Sunday, May 25, 2008

Moonride 08

My mum stayed for a couple of weeks after doing a tiki tour of the South Island, ingratiating herself with the locals. We went to a couple of comedy festival gigs, a trip over to the Wairarapa and ate and drank heaps. She had a wicked time and it was fantastic to have her around, seeing what were up to, fulfilling her traveling bug, filling her house with a million more pamphlets and business cards and taking 1500 photos. Whatever floats your boat.

Evie accompanied my mum home and Jen stayed to assist us pickle ourselves even more. It’s a hardship having to support successive people on their holiday binges.

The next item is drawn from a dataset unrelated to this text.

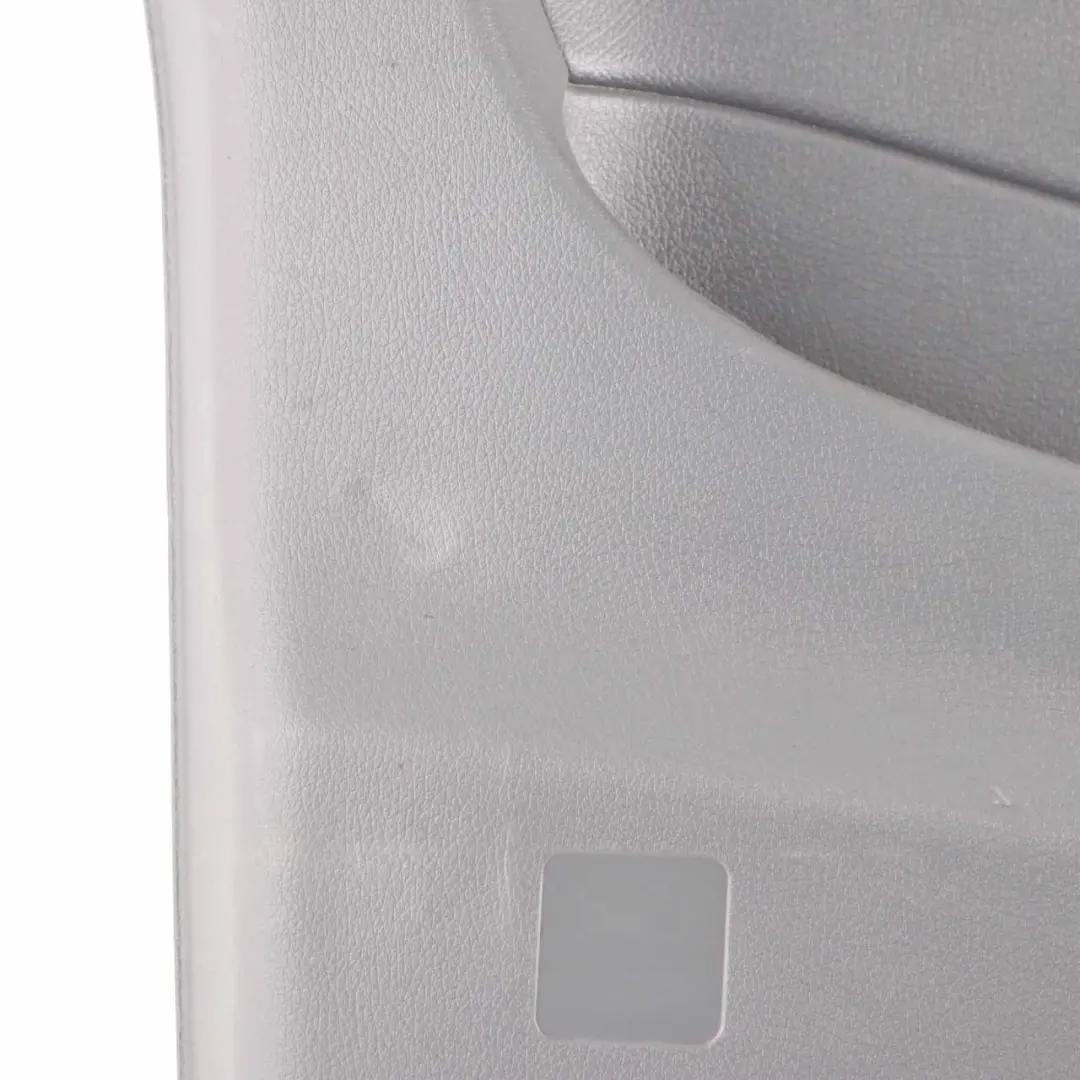 Mercedes Vito W639 Türverkleidung Abdeckung Vorne Links Anthrazit - SKU A6397270071 - Teilenummer A6397270071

I signed up, with some guys from work, to participate again in the 12 hour team Moonride event. It was great fun last year so I was looking forward to mountain biking round the 30 minute course as many times as we could within 12 hours, a 3rd of the laps being in the dark. The course was shortened at the last minute due to the amount of rain, with 3000 riders churning the course up into a mud bath of epic proportions. Crazy amounts of mud meant it was tough going and very unpredictable – where you pointed your front wheel wasn’t necessarily where the bike, through a quagmire, would decide to take you. I had a heaps of offs, most of them embarrassing rather than painful.



Pic's on the Flickr link on the top right tool bar


The Mothership Connection

With some nerves, trepidation and reluctance I phoned the organisers of the Grape Ride to get a late entrants spot in the 101k bike race. I paid over the odds to punish myself because Jen was coming over from London, with her friend Evie, to compete in the race – and if they made the effort….

The significance of the whole shebang was that the race is on Jen’s parent’s doorstep and it was going to be a huge surprise for them to find that their daughter had turned up out of the blue, without any forewarning. The race was also the same weekend as Jen’s mum’s birthday. What a great surprise! I was looking forward to being involved in the festivities but not a long bike ride – I hadn’t been on a bike since last November when I got wrote off by the car.

We got the ferry over and were picked up by Jen and father – he enthused about the shock and surprise of coming home to his daughter whom he suspected was in the UK. We got to their house and I walked into their kitchen and - lo and behold – my mum was also sitting at the kitchen table with Evie and Jen’s mum. Apparently my face was a complete picture and the blabbered expletives were amusing. My mum’s not been on a plane before and if I was a betting man, I would not put money on her randomly turning up on the other side of the world for her first trip. So double bubble surprises all round! Much mirth and merriment ensued and Lisa felt like the second coming of Cilla Black for keeping all the details of the Mothership landing quiet for a couple of months.

Jen, Evie and Myself set of for the ride the next morning, me on her dad’s mountain bike with full off road tires. We all got plenty of strange looks from the lycra clad, road bike, carbon frame brigade. The course goes through the vineyards of Marlborough and then heads out to the very windy and extremely hilly Queen Charlotte drive. I was struggling away at the back of the race, battling gravity and friction while the bike chewed up tarmac. The last 3rd of the race was truly painful and a real test of spirit to actually finish, rather than throw bike into the bushes and thumb a lift back to finish line. It took 5 hours to complete and I immediately vowed that, should I do it again, I’d make sure to do some practice and get some slick tires on the bike.

That evening I deserved the wine, inhaled loads of food and nursed my saddle sore posterior.